Alexander Hamilton and James Madison designed America to be a democratic republic, featuring filtered (indirect) representation of the people’s authority and built in monitoring provisions called checks and balances used to prevent political degeneration. Moreover, both men talk of an ‘American Empire.’ The terminology is vague and seemingly conflicting and therefore raises questions about the nature and goals of our republic. Most basically, the United States of America is a democratic republic premised on liberal notions of individual liberty and natural rights, whose power is authorized by a covenant of the people. Thomas Paine explains that,

It is wholly characteristical of the purport, matter or object for which government ought to be instituted, and on which it is to be employed, Res-Publica, the public affairs, or the public good; or, literally translated, the public thing. It is a word of a good original, referring to what ought to be the character and business of government; and in this sense it is naturally opposed to the word monarchy, which has a base original signification. It means arbitrary power in an individual person; in the exercise of which, himself, and not the res-publica, is the object (Rights of Man 17).

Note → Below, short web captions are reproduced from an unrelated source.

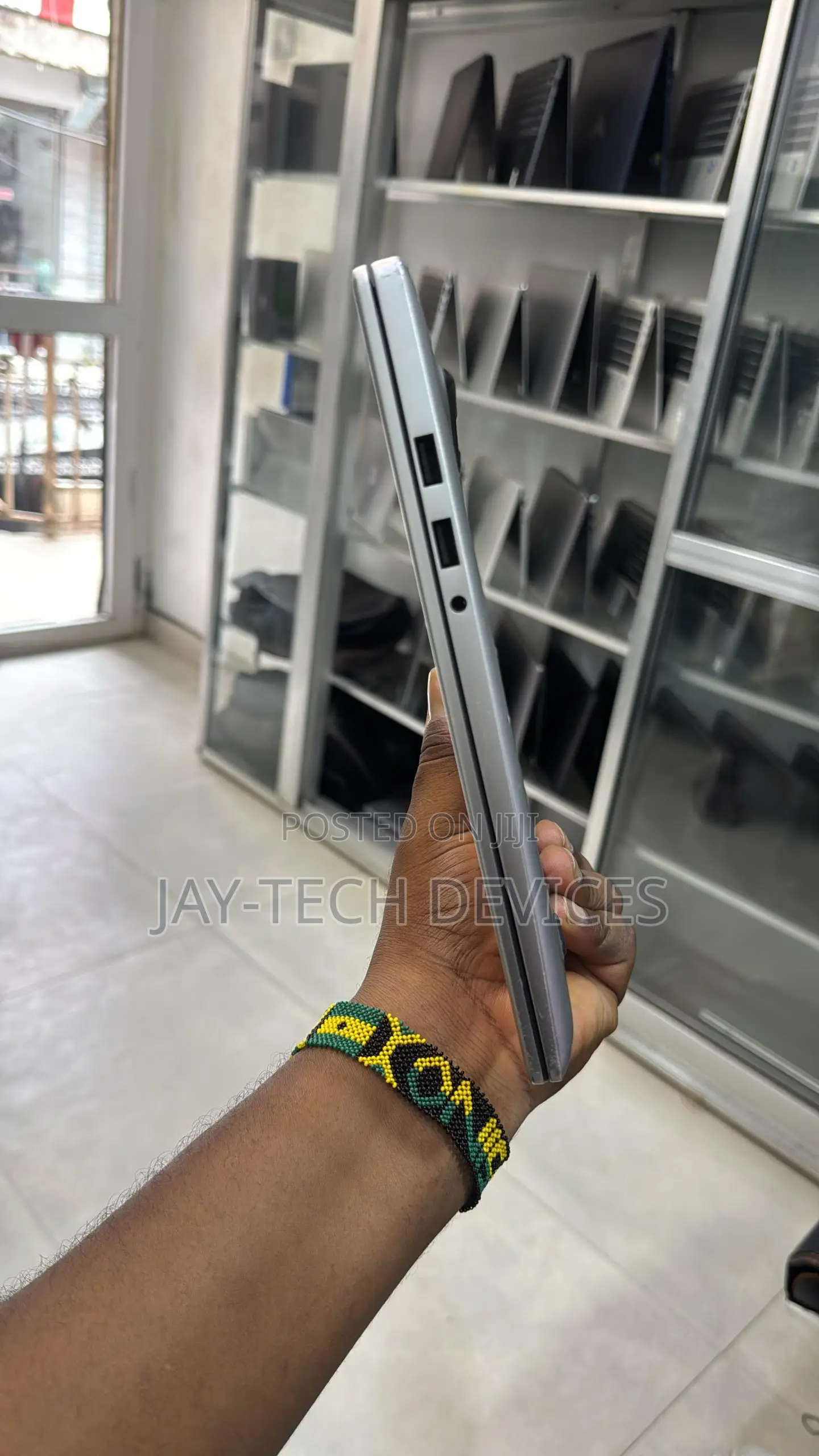Laptop Huawei Matebook D 15 8GB Intel Core i3 SSD 256GB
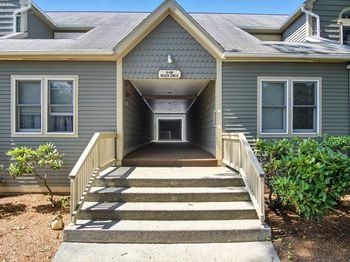 8 Devlin Circle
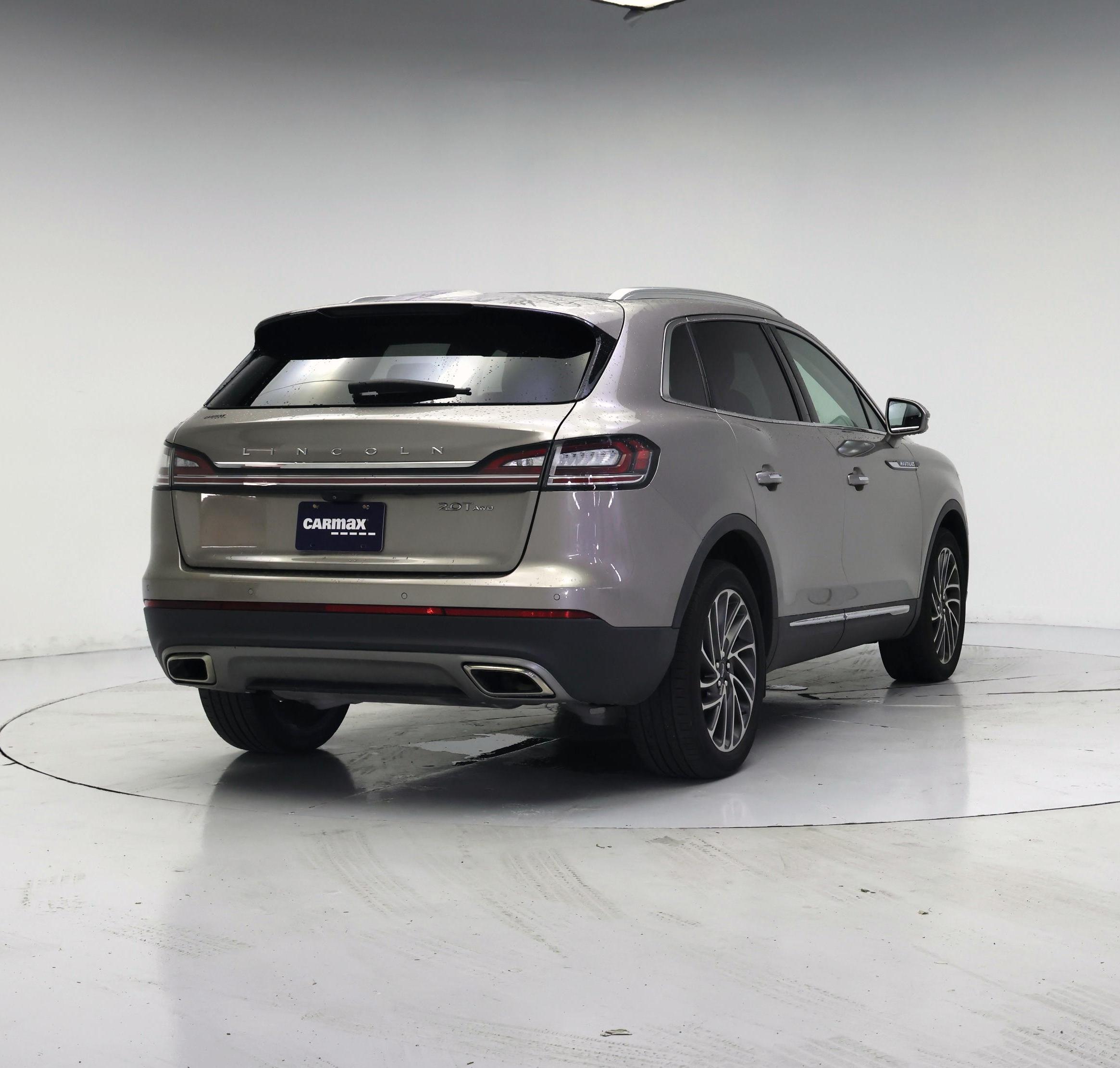 Thumbnail: 2020 Lincoln Nautilus - 8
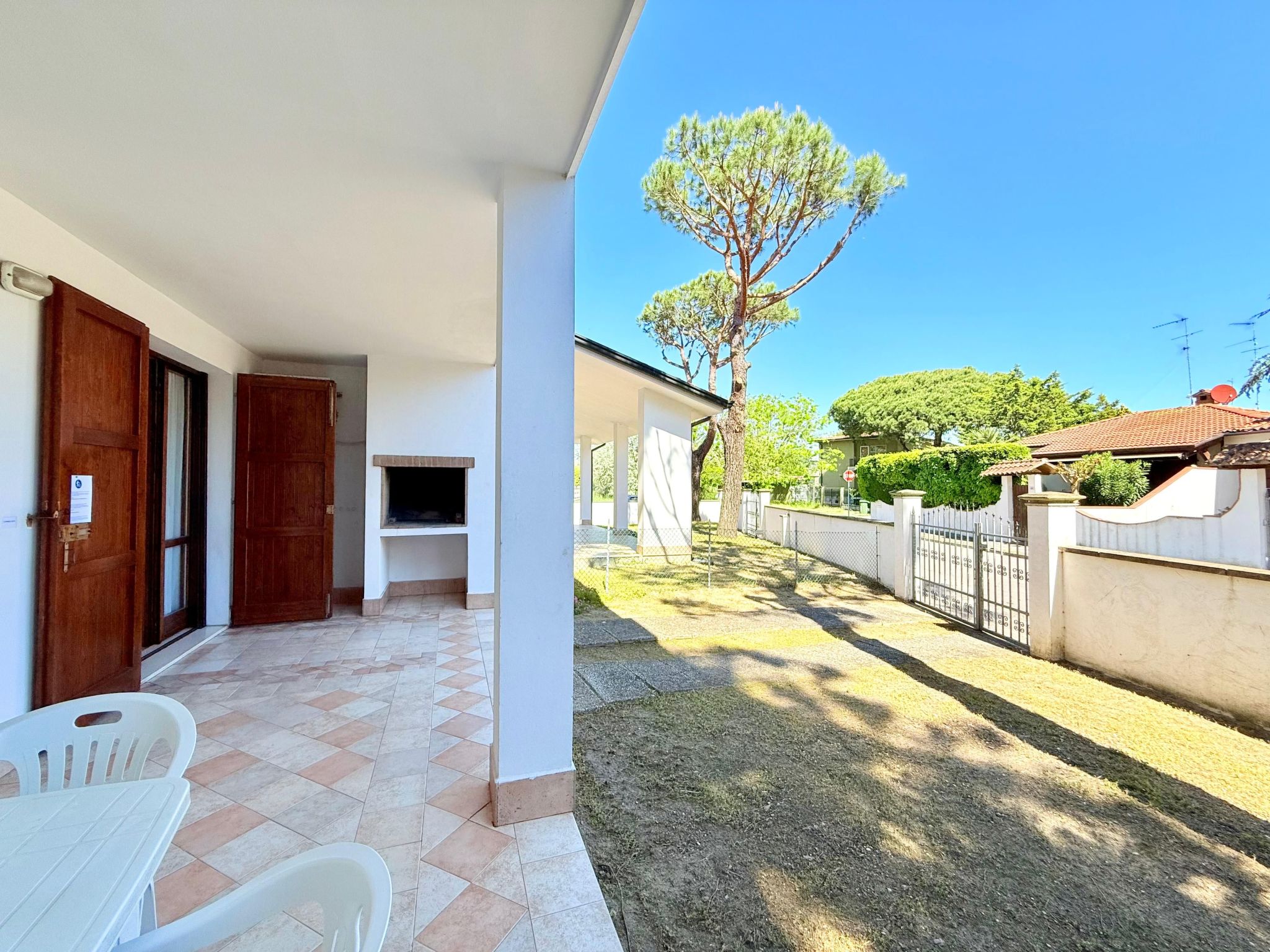 3-Zimmer-Villa, Erdgeschoss, 2 Gärten, Klima-Inside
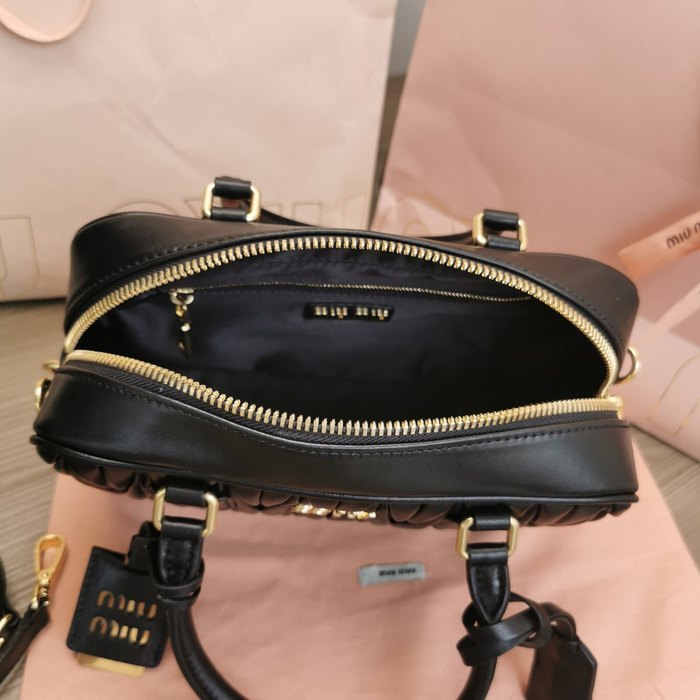 Miu-Miu,Bag，Latest styles,2026，yupoo，Original, quality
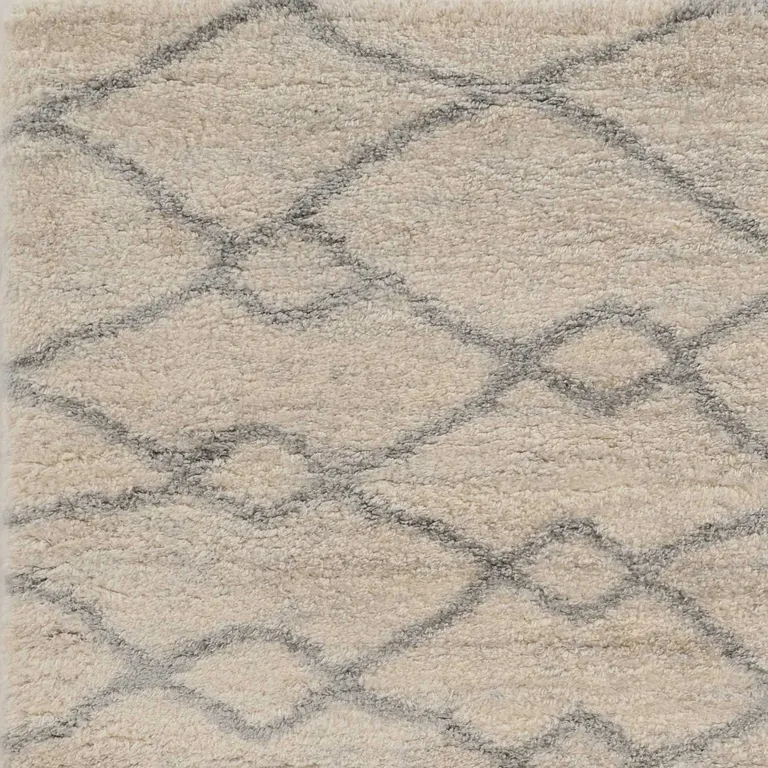 Ivory Grey Machine Woven Chain Link Indoor Area Rug Photo 3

Every government that does not act on the principle of a Republic, or in other words, that does not make the res-publica its whole and sole object, is not a good government. Republican government is no other than government established and conducted for the interest of the public, as well individually as collectively (Rights of Man 17).

Thus, the republic, created by the people, is intended to serve the interests of those people from both a personal and communal perspective. Every American knows, however, that republican government is not that simple. Famously, Madison discussed the problem of factions in Federalist 10, the most basic problem associated with republican governments. He identifies a faction as any “number of citizens, whether amounting to a majority or a minority of the whole, who are united and actuated by some common impulse of passion, or of interest, adverse to the rights of other citizens, or to the permanent and aggregate interests of the community” (Madison Fed 10). By definition, a dominant or ruling faction cannot be republican in nature, so long as the party offends individual liberties or communal interest (an expression of arbitrary power, usually done selfishly). To account for such factions, Madison offers “two methods of removing the causes of faction: the one, by destroying the liberty which is essential to its existence; the other, by giving to every citizen the same opinions, the same passions, and the same interests” (Madison Fed. 10). In other words, Madison believes that we can only control a faction’s negative effects, and this is best accomplished through checks and balances that monitor representative behavior. Moreover, he writes that,

It is essential to such a government, that it be derived from the great body of the society, not from an inconsiderable proportion, or a favored class of it; otherwise a handful of tyrannical nobles, exercising their oppressions by a delegation of their powers, might aspire to the rank of republicans, and claim for their government the honorable title of republic. It is sufficient for such a government, that the persons administering it be appointed, either directly or indirectly, by the people (Madison Fed. 39).

Correspondingly, Madison writes that because the otherwise “accumulation of all powers legislative, executive and judiciary in the same hands…may justly be pronounced the very definition of tyranny” the “legislative, executive and judiciary departments ought to be separate and distinct” (Madison Fed. 47). This implies that a government derived from one particular interest and a tyranny is one in the same; selfish interests are checked by providing those “who administer each department, [with] the necessary constitutional means, and personal motives, to resist encroachments of the others” (Madison Fed. 51). Theoretically, this enables the government first to “control the governed; and in the next place, obliges it to control itself;” this separation of powers is one of the most fundamental checks and balances upon which our Constitution and our liberties are contingent (Madison Fed. 51).